From the first line to the last, transcribe the data exactly and skip the pictures.

Material to process START

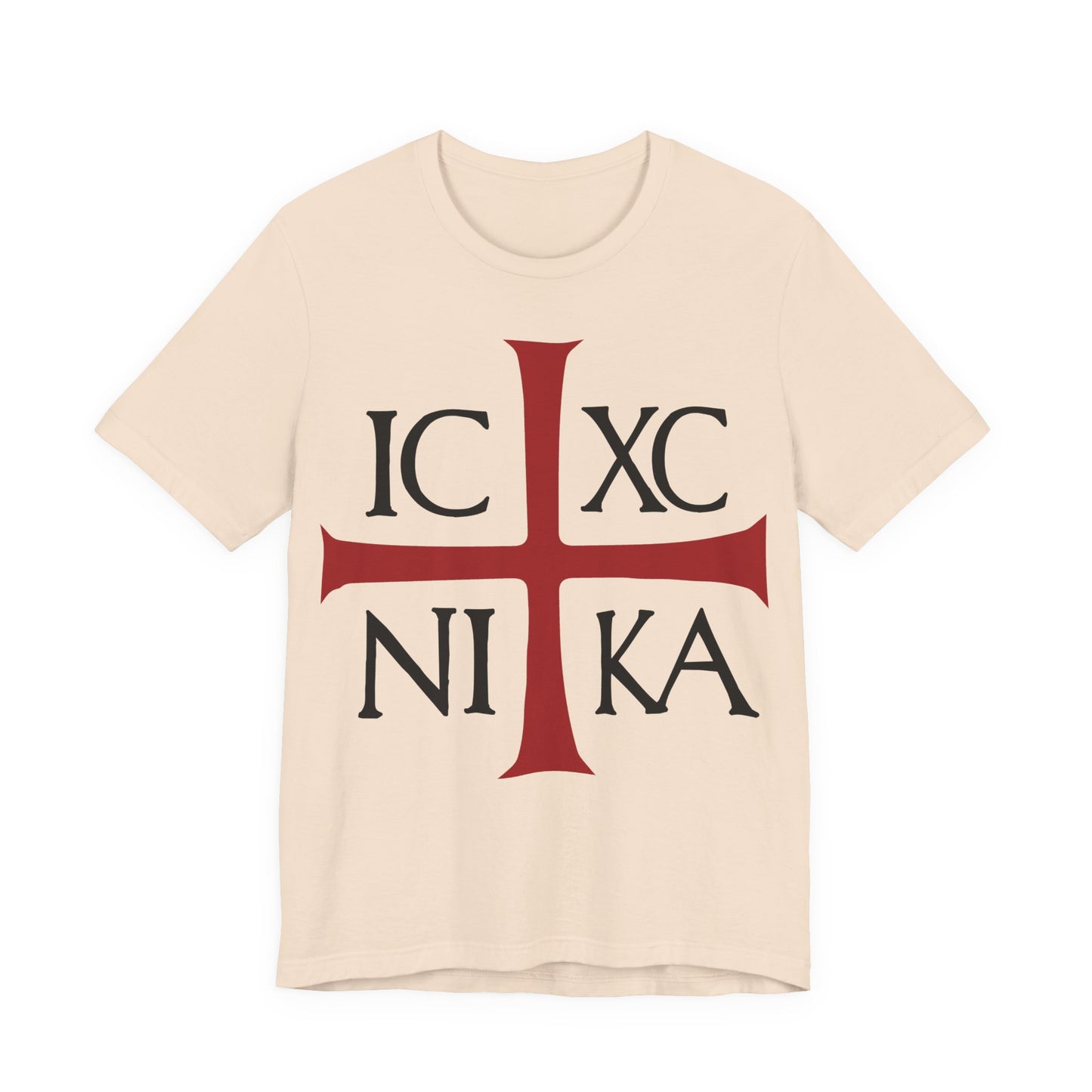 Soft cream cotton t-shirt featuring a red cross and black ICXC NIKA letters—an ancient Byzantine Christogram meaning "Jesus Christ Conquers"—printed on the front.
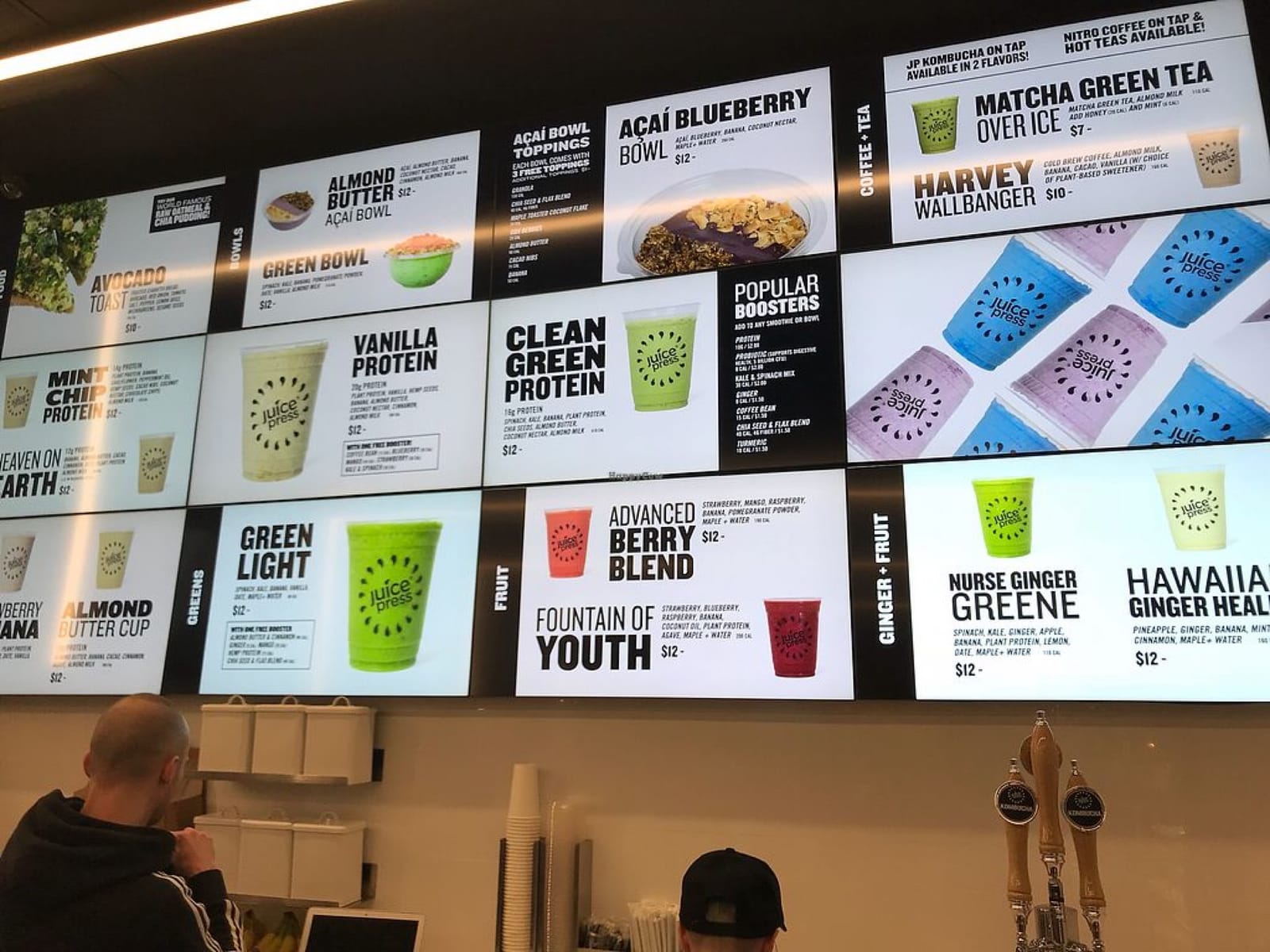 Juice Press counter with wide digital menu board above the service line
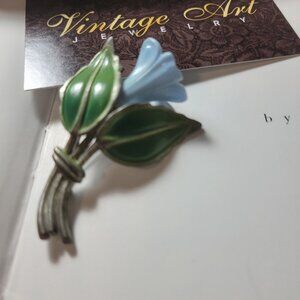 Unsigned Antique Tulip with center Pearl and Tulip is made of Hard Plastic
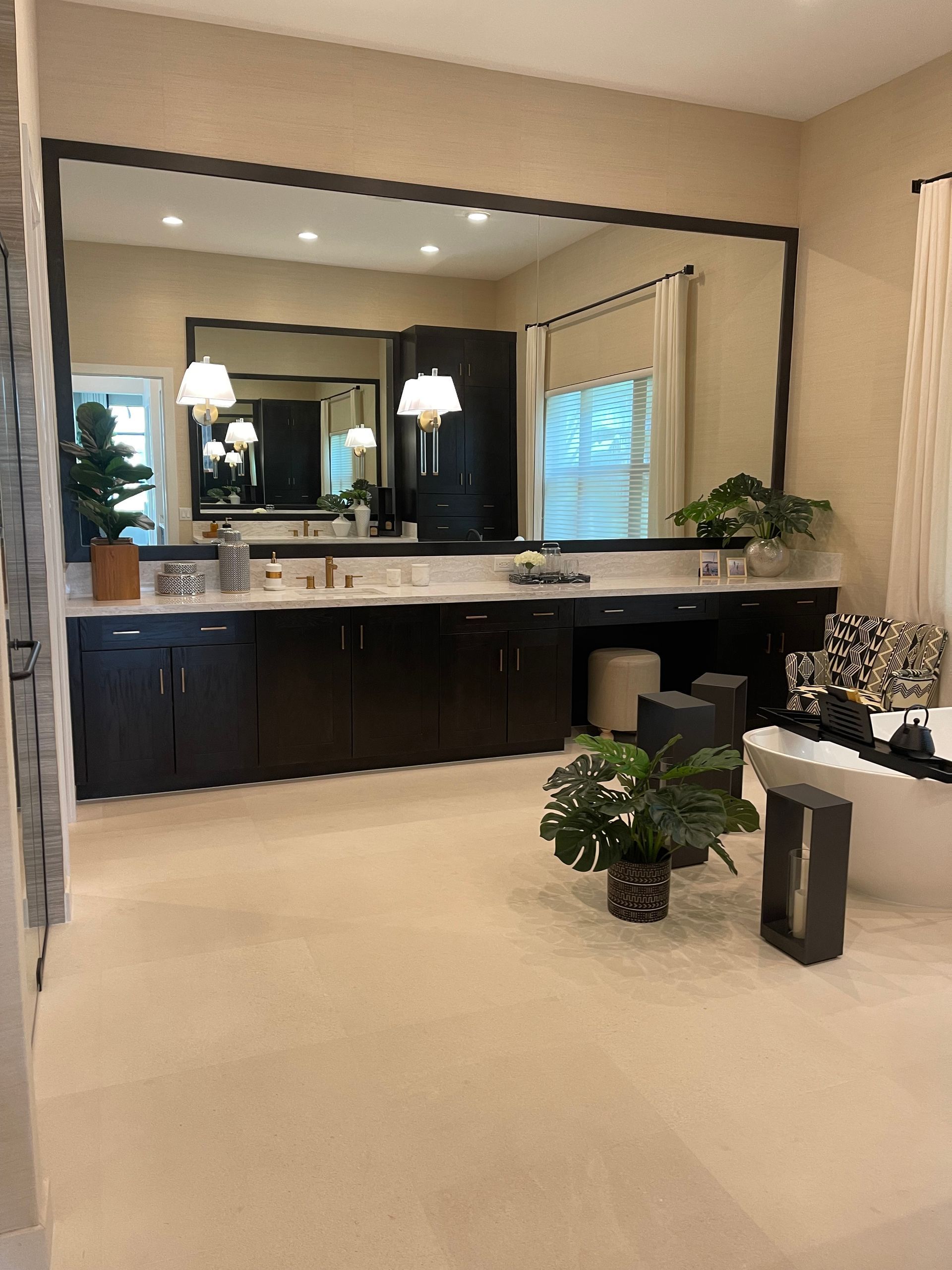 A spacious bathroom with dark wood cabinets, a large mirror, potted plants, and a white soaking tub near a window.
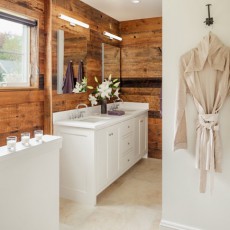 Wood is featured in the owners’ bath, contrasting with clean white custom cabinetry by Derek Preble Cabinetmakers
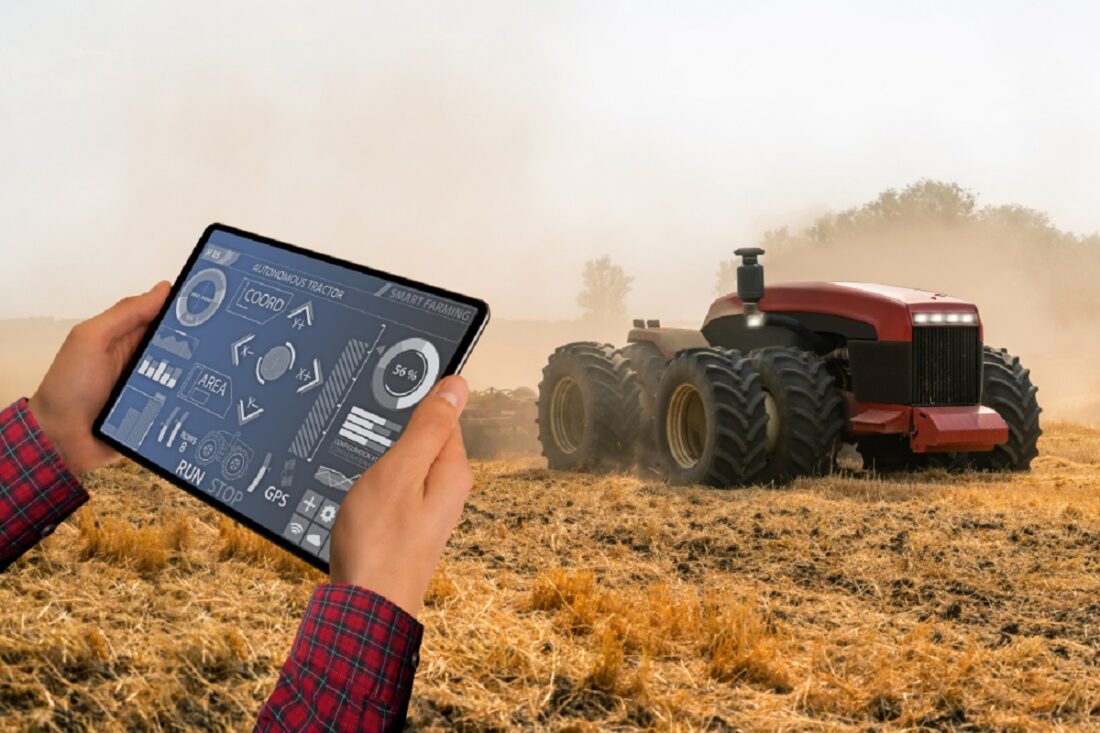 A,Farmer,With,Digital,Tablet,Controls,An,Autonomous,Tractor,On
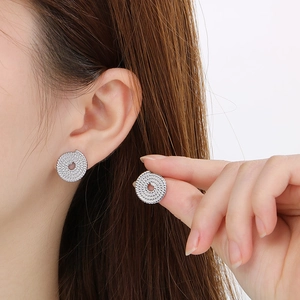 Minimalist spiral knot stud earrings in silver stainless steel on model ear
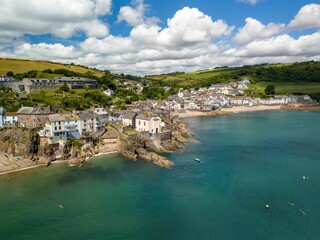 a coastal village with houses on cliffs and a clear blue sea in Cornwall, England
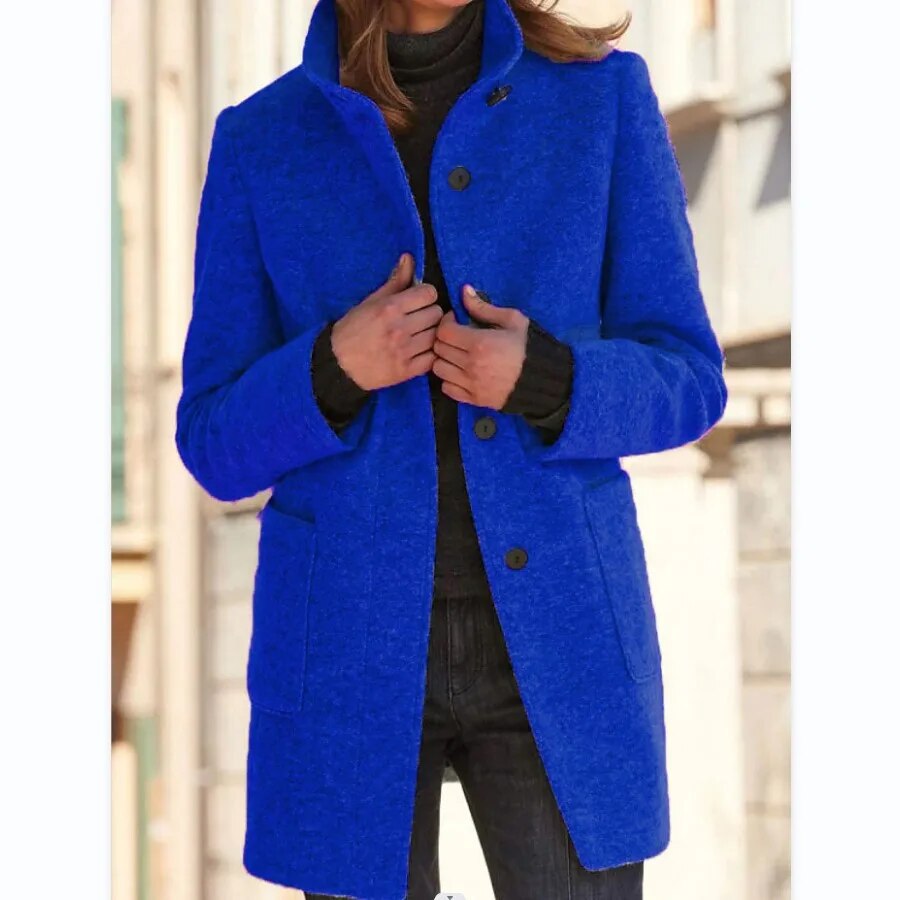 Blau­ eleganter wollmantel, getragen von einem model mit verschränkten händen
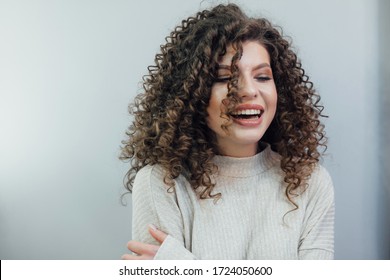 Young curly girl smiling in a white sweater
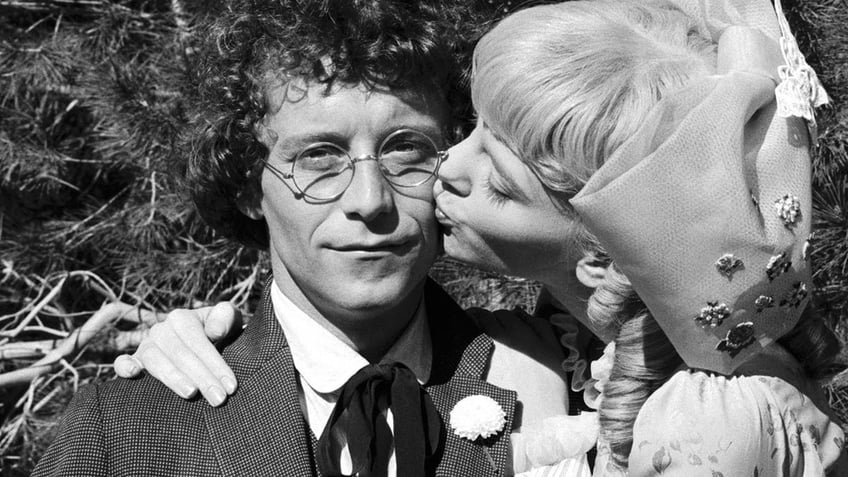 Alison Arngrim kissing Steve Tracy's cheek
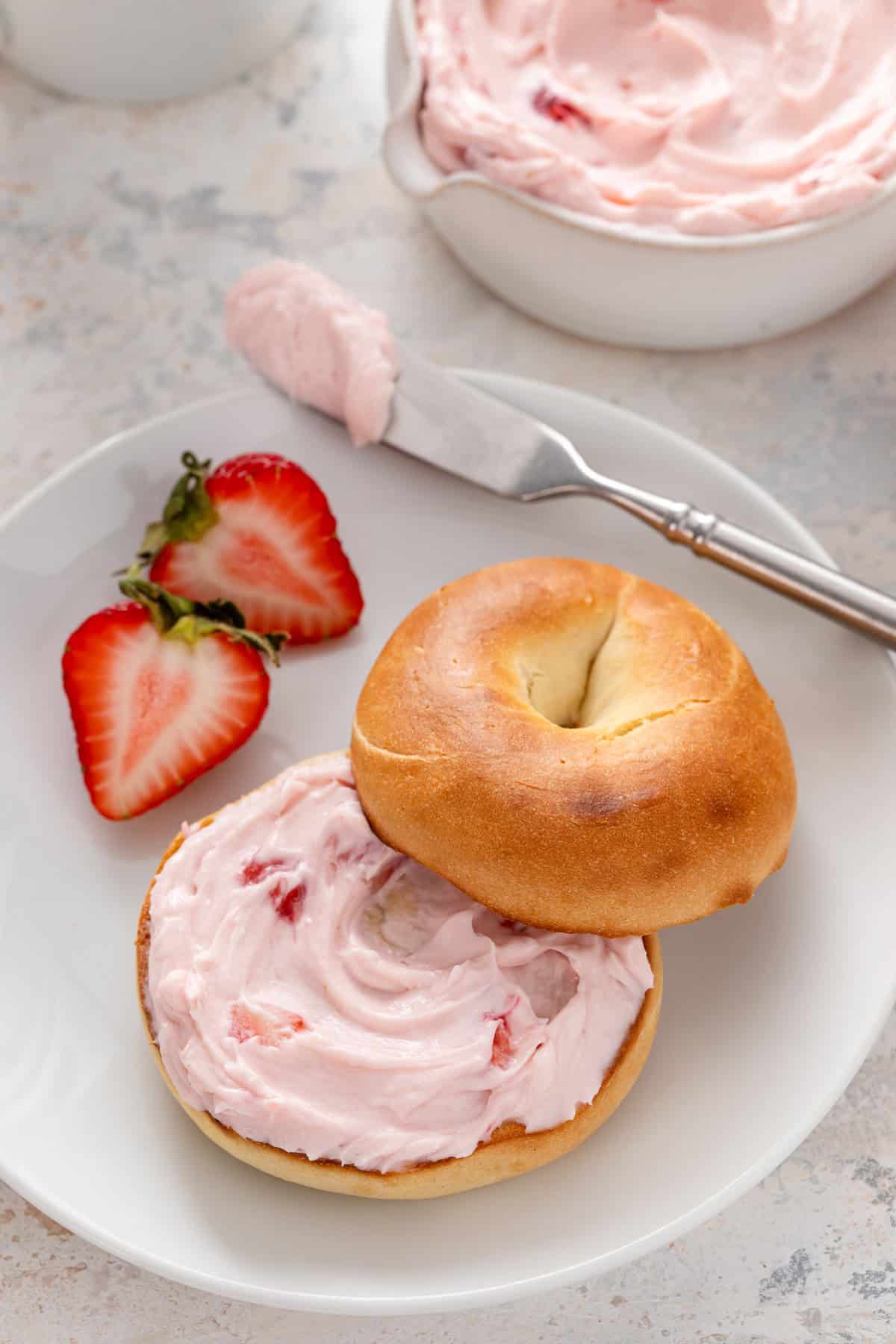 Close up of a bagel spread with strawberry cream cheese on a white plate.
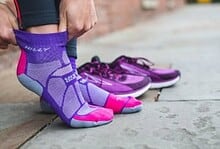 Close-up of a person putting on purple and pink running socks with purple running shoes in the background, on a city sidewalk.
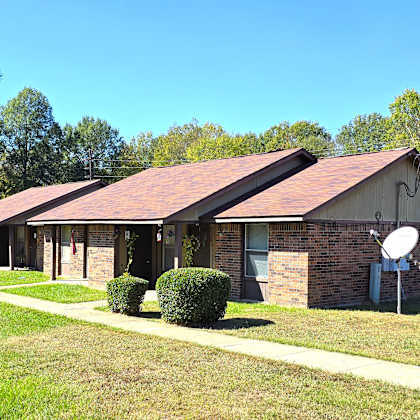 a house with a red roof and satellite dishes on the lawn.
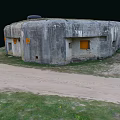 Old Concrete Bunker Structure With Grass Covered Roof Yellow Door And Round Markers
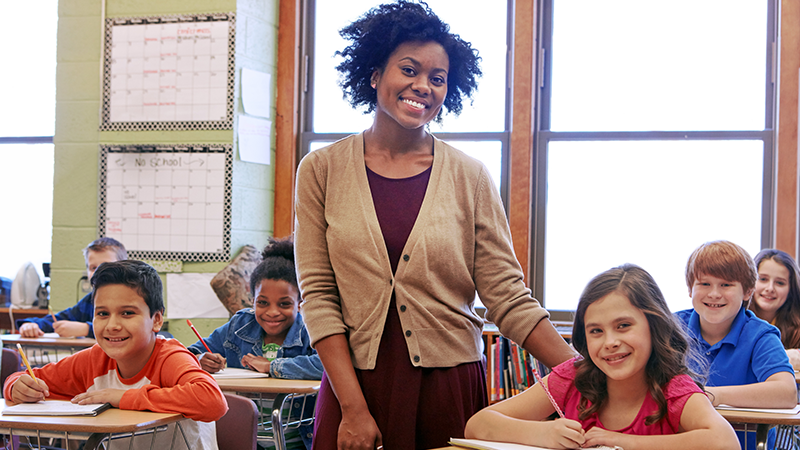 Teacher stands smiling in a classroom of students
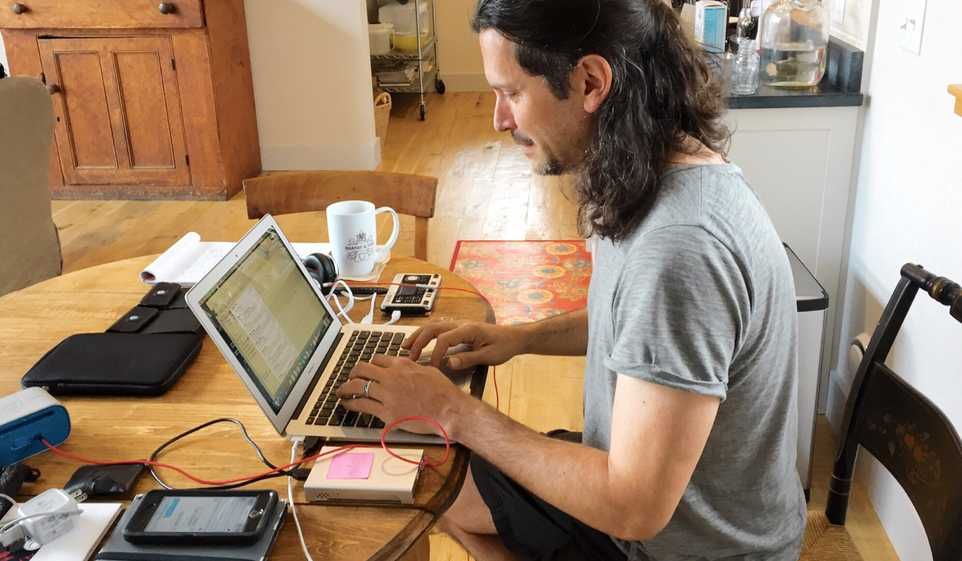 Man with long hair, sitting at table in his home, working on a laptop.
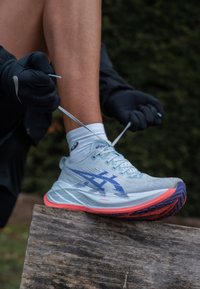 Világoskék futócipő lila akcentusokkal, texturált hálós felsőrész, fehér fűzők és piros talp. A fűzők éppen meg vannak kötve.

Material to process END

* **Task result**
 Soft cream cotton t-shirt featuring a red cross and black ICXC NIKA letters—an ancient Byzantine Christogram meaning "Jesus Christ Conquers"—printed on the front.
 Juice Press counter with wide digital menu board above the service line
 Unsigned Antique Tulip with center Pearl and Tulip is made of Hard Plastic
 A spacious bathroom with dark wood cabinets, a large mirror, potted plants, and a white soaking tub near a window.
 Wood is featured in the owners’ bath, contrasting with clean white custom cabinetry by Derek Preble Cabinetmakers
 A,Farmer,With,Digital,Tablet,Controls,An,Autonomous,Tractor,On
 Minimalist spiral knot stud earrings in silver stainless steel on model ear
 a coastal village with houses on cliffs and a clear blue sea in Cornwall, England
 Blau­ eleganter wollmantel, getragen von einem model mit verschränkten händen
 Young curly girl smiling in a white sweater
 Alison Arngrim kissing Steve Tracy's cheek
 Close up of a bagel spread with strawberry cream cheese on a white plate.
 Close-up of a person putting on purple and pink running socks with purple running shoes in the background, on a city sidewalk.
 a house with a red roof and satellite dishes on the lawn.
 Old Concrete Bunker Structure With Grass Covered Roof Yellow Door And Round Markers
 Teacher stands smiling in a classroom of students
 Man with long hair, sitting at table in his home, working on a laptop.
 Világoskék futócipő lila akcentusokkal, texturált hálós felsőrész, fehér fűzők és piros talp. A fűzők éppen meg vannak kötve.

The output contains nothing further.